Royal Cline challenges a decision rejecting his state-law, age-discrimination claims as a matter of law. One of Cline's claims is barred by the statute of limitations, and another claim fails because the company offered a nondiscriminatory, non-pretextual reason for its decision. But a third claim, based on retaliation, deserves further consideration because a reasonable jury could infer that the company had knowledge of this lawsuit and took an adverse employment action because of it.
Born in 1943, Cline worked for 31 years as a government contractor at United States Department of Energy facilities in the “nondestructive testing” of military weapons. From 1969 to 1994, Cline worked at the Department's Y-12 National Security Complex as a technician, supervisor and trainer. From 1994 to 2000, he worked as a supervisor at the Department's Oak Ridge National Laboratory. In 2000, Cline was laid off in a reduction in force.
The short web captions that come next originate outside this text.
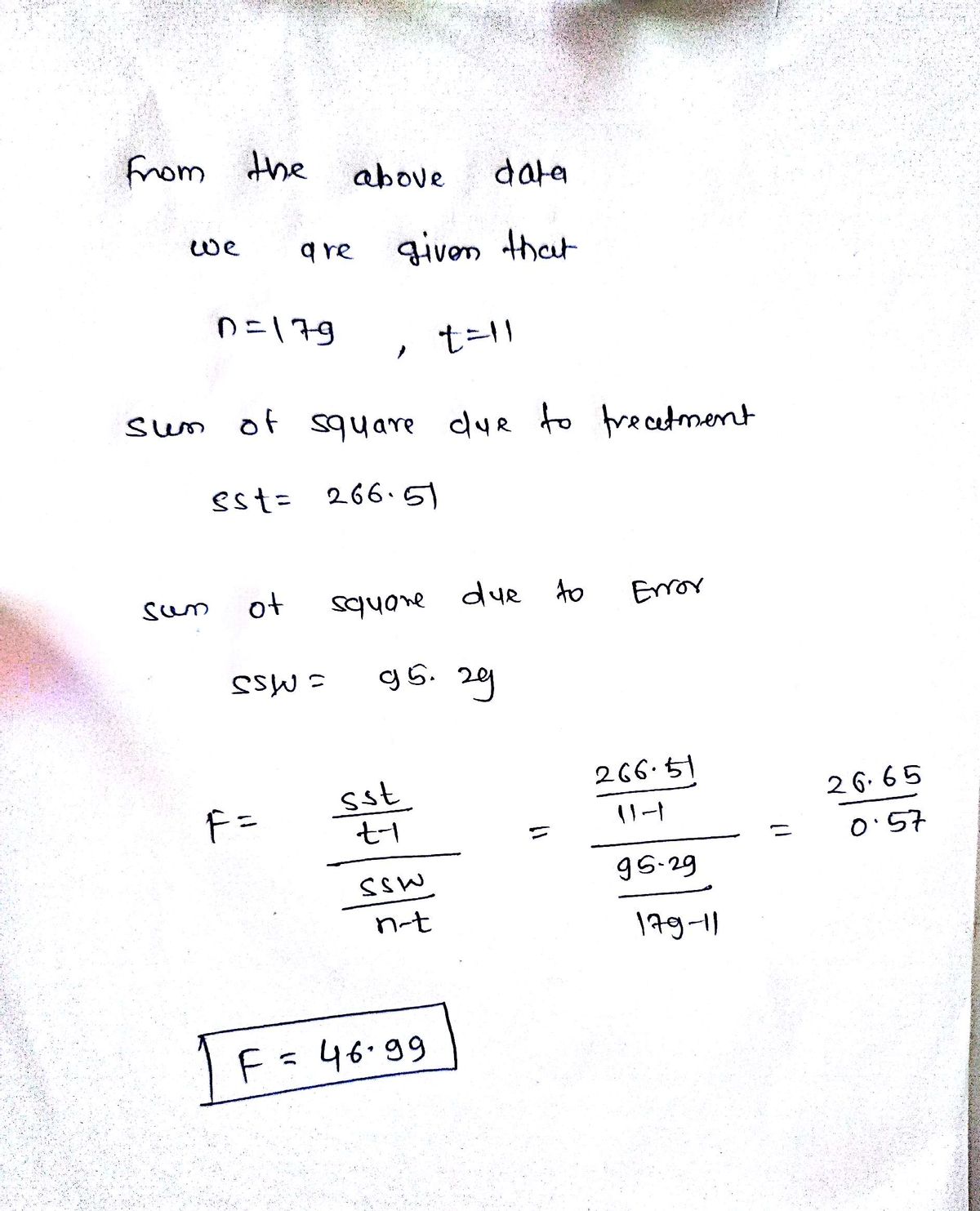 Statistics homework question answer, step 1, image 1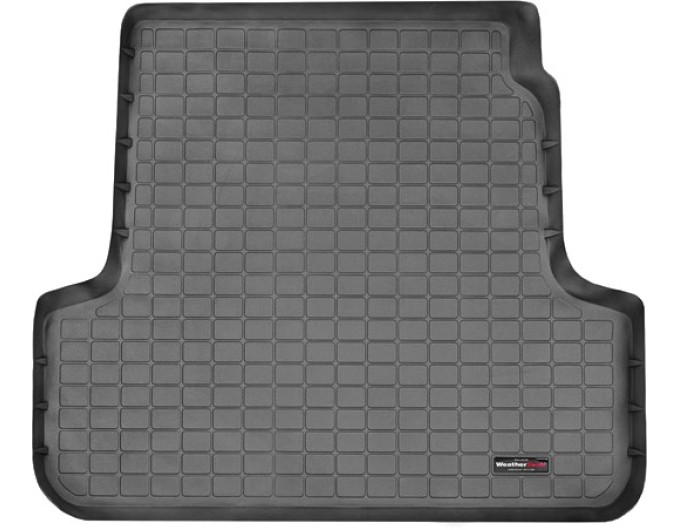 Коврик WeatherTech Black для Toyota 4Runner (mkII)(trunk behind 2 row) 1989-1995, цена: 6 425 грн.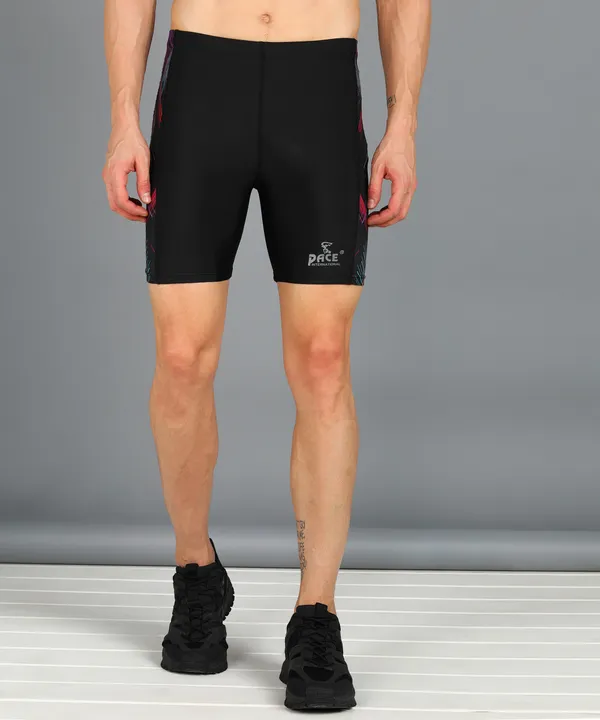 Black_&_Purple_Compression_Tights_For_Men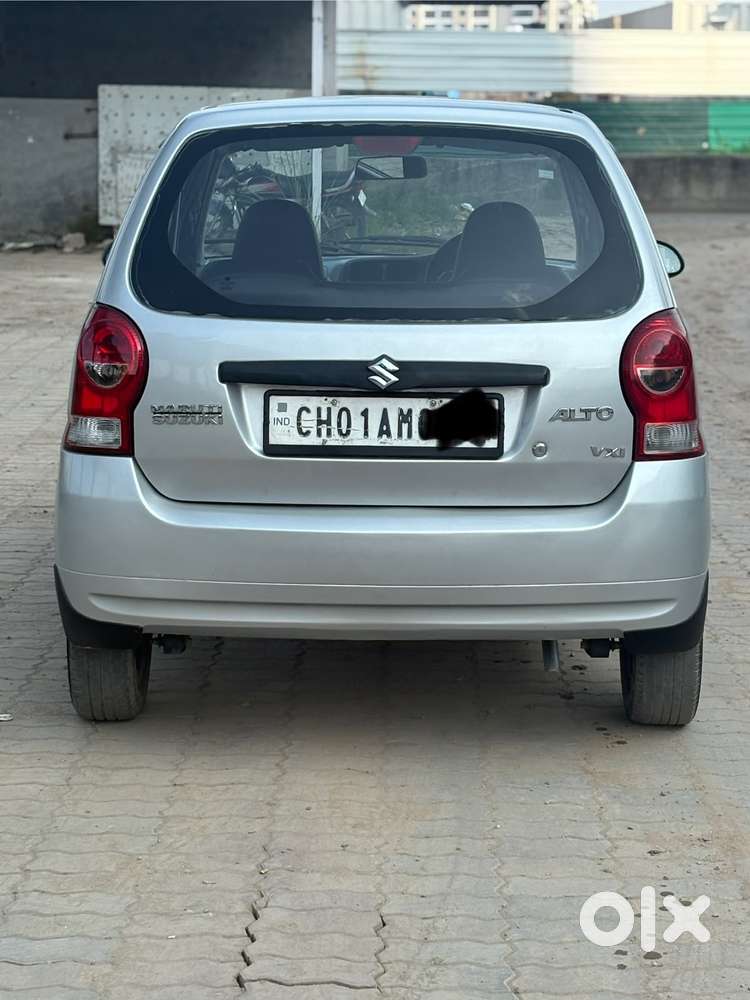 Maruti Suzuki Alto K10 Vxi, 2012, Petrol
Between 2000 and 2004, Cline applied unsuccessfully for numerous positions with the company that manages Y-12, an entity named BWXT, which we will call “the company.”
In 2004, Cline filed this age-discrimination lawsuit against the company in Tennessee court, and the company removed the action to federal court on diversity grounds. (Cline is a citizen of Tennessee, and the two members of the company are a Delaware corporation with its principal place of business in Virginia and a Nevada corporation with its principal place of business in Maryland.) In 2006, the company moved for summary judgment, which the district court granted.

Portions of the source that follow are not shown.